§ **Requirement**
Repeat exactly, and only, the lines of the entries below from the one with "Minimal Silver Tone" through the one with "2 Piece Wall-mounted", both ends included.

§ **Stored data**
- Opening Delimiter -
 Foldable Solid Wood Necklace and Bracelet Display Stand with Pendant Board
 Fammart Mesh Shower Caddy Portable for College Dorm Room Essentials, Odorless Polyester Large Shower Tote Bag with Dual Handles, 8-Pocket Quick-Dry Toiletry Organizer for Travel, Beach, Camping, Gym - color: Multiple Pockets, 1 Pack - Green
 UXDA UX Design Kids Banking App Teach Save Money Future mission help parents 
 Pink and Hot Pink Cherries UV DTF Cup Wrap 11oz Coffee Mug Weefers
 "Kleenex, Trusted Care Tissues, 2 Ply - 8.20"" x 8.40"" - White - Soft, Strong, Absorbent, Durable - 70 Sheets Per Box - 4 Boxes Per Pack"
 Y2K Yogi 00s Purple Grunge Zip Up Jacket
- Closing Delimiter -
- Opening Delimiter -
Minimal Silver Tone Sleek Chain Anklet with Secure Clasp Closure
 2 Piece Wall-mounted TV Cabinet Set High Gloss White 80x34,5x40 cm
- Closing Delimiter -
- Opening Delimiter -
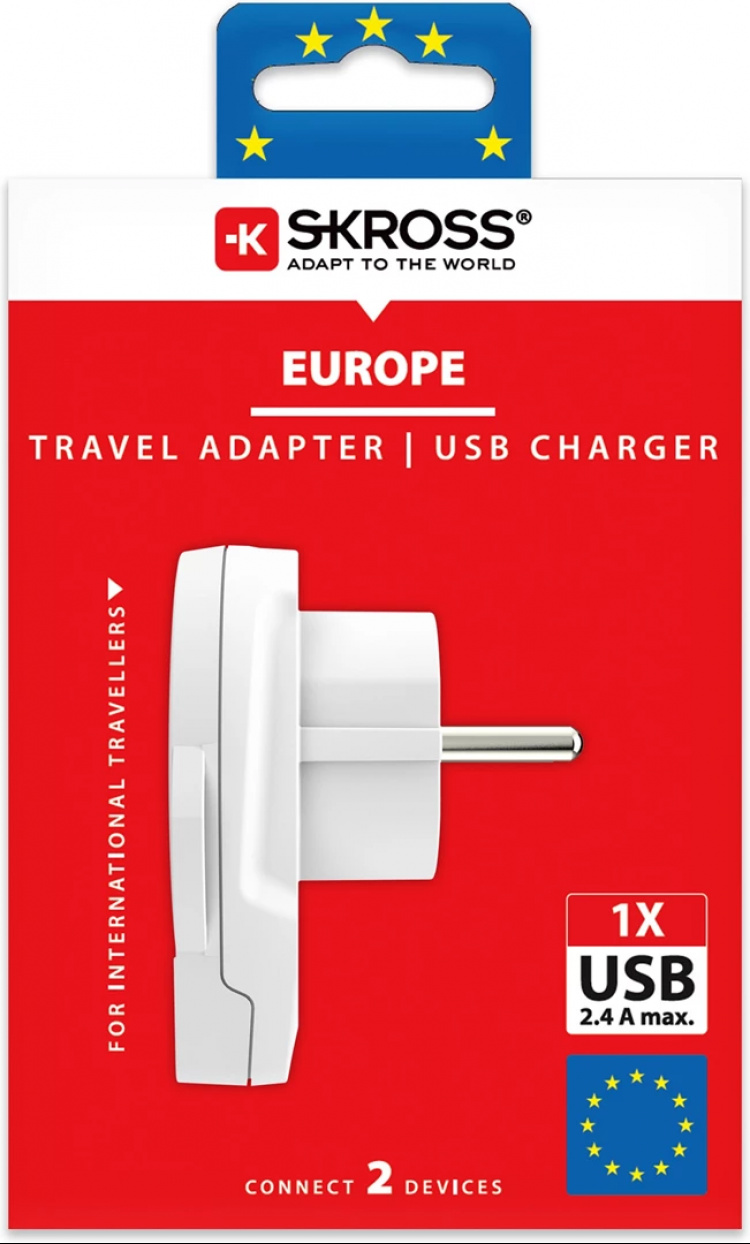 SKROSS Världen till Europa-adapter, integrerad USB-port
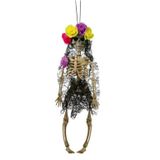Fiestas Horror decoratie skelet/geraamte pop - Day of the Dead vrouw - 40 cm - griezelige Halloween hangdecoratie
- Closing Delimiter -
§ **Answer**
Minimal Silver Tone Sleek Chain Anklet with Secure Clasp Closure
 2 Piece Wall-mounted TV Cabinet Set High Gloss White 80x34,5x40 cm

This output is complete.